How does ER0’s operating cash flow stack up against its debt?

ER0 has shrunken its total debt levels in the last twelve months, from S$139.57M to S$66.73M , which comprises of short- and long-term debt. With this debt payback, the current cash and short-term investment levels stands at S$116.11M for investing into the business. On top of this, ER0 has generated cash from operations of S$8.88M during the same period of time, leading to an operating cash to total debt ratio of 13.31%, indicating that ER0’s operating cash is not sufficient to cover its debt. This ratio can also be interpreted as a measure of efficiency as an alternative to return on assets. In ER0’s case, it is able to generate 0.13x cash from its debt capital.

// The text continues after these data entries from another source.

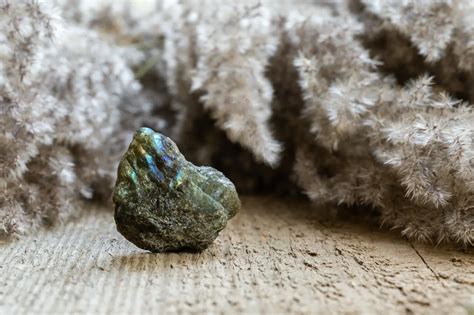 Labradorite Pierre De Protection Pour Repousser Les Nergies N Gatives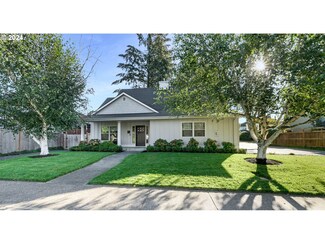 1463 Bogart Ln, Eugene, OR 97401
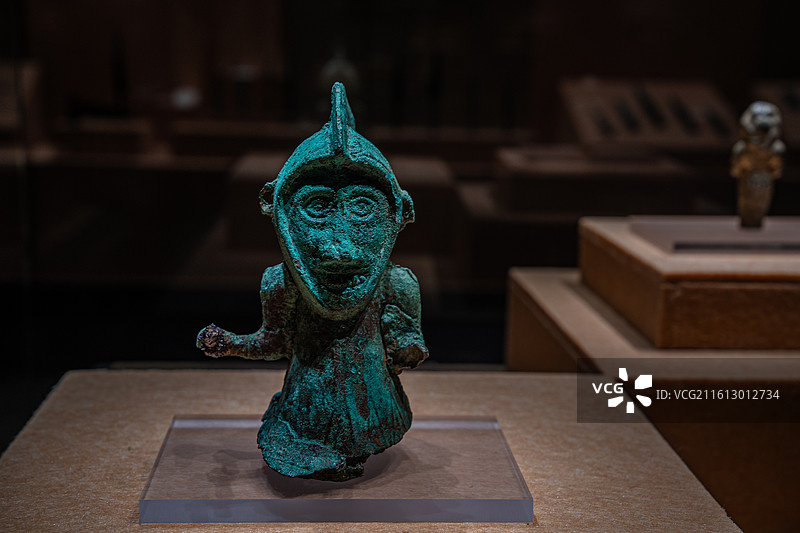 西汉 手持铁剑铜武士像 祥云县文物管理所藏图片素材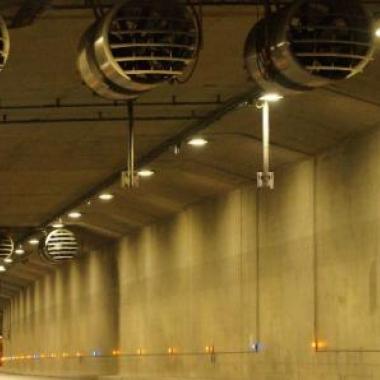 Vetilateurs dans le Tunnel de Montolivet Sud à Marseille : Rocade L2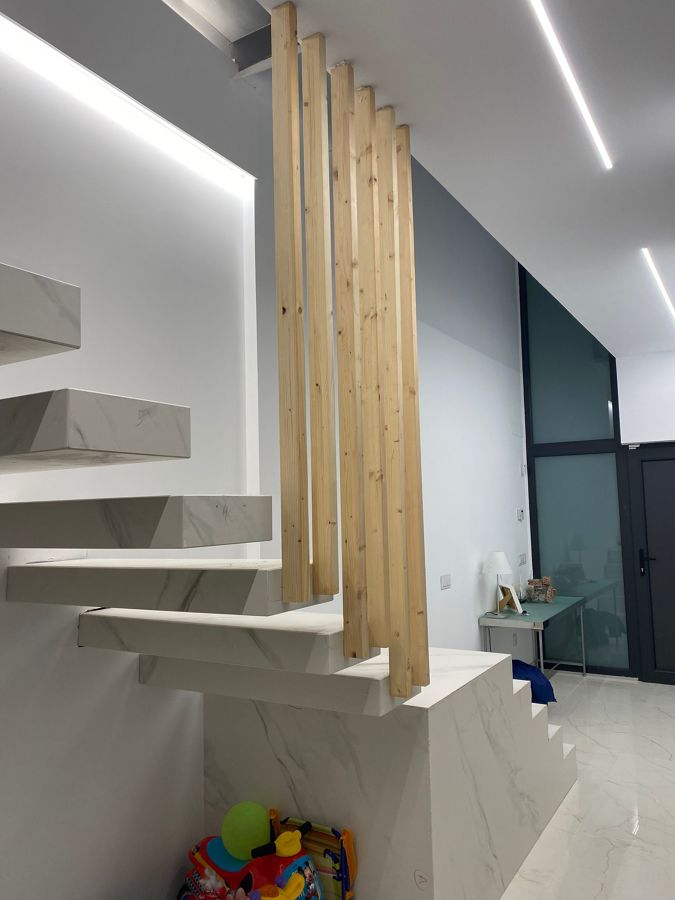 Escalera en porcelanico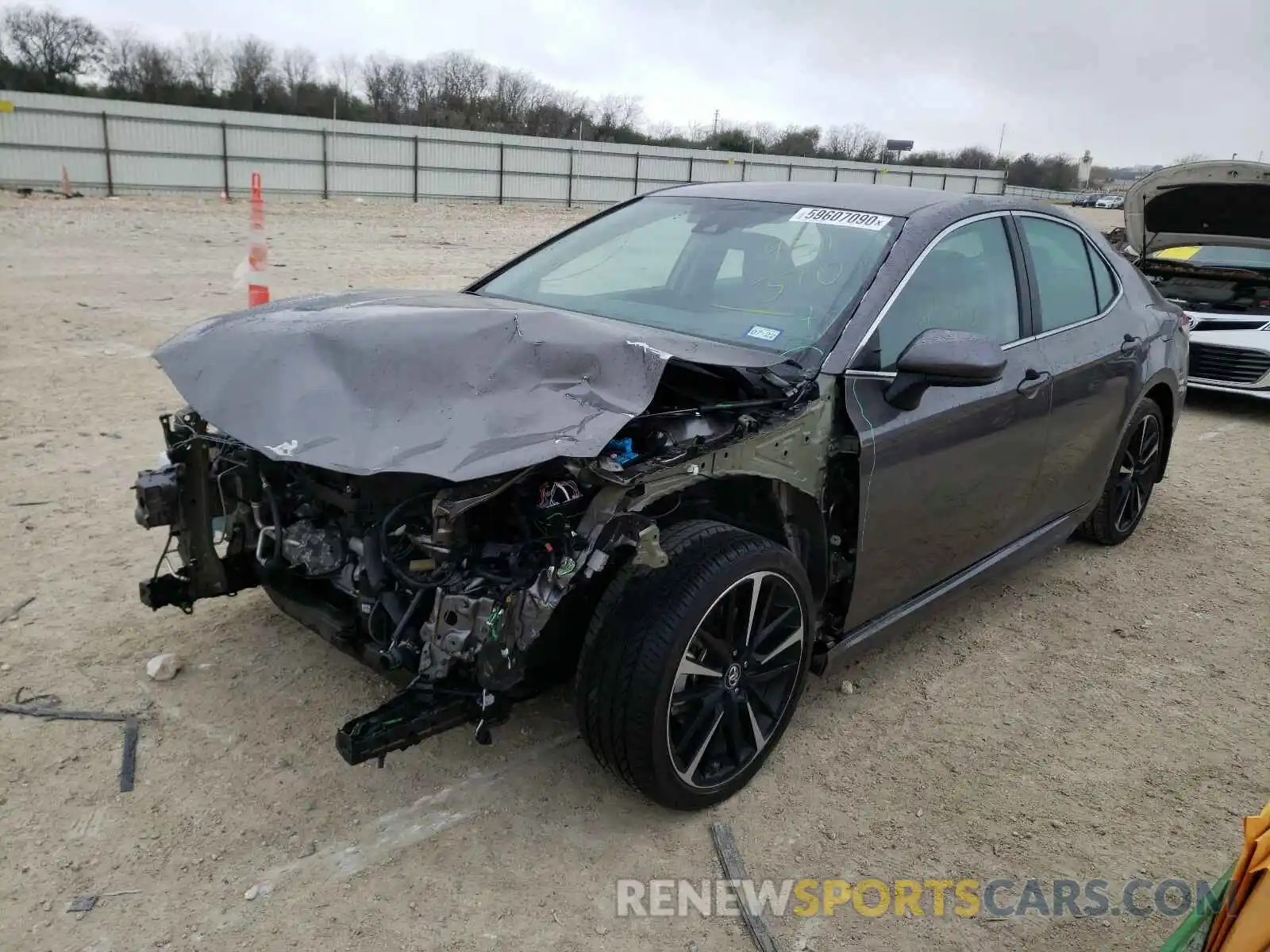 2 Photograph of a damaged car 4T1G11AK5LU951370 TOYOTA CAMRY 2020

Can ER0 pay its short-term liabilities?

Looking at ER0’s most recent S$126.44M liabilities, it seems that the business has been able to meet these obligations given the level of current assets of S$183.42M, with a current ratio of 1.45x. Generally, for Construction companies, this is a reasonable ratio since there’s sufficient cash cushion without leaving too much capital idle or in low-earning investments.

SGX:ER0 Historical Debt Apr 28th 18
SGX:ER0 Historical Debt Apr 28th 18

Does ER0 face the risk of succumbing to its debt-load?

With a debt-to-equity ratio of 24.33%, ER0’s debt level may be seen as prudent. ER0 is not taking on too much debt commitment, which can be restrictive and risky for equity-holders. We can check to see whether ER0 is able to meet its debt obligations by looking at the net interest coverage ratio. A company generating earnings before interest and tax (EBIT) at least three times its net interest payments is considered financially sound. In ER0’s, case, the ratio of 21.75x suggests that interest is comfortably covered, which means that lenders may be inclined to lend more money to the company, as it is seen as safe in terms of payback.